• About this exercise
Take from the records below each line that holds "Organic".

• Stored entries
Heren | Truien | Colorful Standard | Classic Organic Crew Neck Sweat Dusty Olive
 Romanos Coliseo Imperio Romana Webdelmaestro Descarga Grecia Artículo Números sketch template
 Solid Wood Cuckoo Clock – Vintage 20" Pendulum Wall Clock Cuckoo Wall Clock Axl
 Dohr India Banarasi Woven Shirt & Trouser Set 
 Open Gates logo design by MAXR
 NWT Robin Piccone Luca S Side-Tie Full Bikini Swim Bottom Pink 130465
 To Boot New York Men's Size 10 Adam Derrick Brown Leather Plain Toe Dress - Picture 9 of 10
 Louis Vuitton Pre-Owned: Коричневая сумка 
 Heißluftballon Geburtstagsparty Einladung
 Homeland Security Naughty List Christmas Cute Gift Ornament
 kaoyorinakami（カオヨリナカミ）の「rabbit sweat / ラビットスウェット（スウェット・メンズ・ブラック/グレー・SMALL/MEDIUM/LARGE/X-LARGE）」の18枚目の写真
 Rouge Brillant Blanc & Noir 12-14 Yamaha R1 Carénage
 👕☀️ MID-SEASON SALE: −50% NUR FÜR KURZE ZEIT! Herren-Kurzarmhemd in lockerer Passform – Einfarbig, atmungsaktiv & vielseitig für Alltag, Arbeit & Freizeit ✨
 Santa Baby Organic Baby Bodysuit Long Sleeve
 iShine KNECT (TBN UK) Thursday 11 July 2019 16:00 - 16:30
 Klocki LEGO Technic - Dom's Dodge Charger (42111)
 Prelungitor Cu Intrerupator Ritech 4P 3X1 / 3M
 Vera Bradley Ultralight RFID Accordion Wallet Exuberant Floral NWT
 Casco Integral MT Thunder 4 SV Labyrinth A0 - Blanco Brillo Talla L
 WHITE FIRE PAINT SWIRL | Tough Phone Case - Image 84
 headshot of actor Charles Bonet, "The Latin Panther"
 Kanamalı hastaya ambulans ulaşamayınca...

• Exercise result
Heren | Truien | Colorful Standard | Classic Organic Crew Neck Sweat Dusty Olive
 Santa Baby Organic Baby Bodysuit Long Sleeve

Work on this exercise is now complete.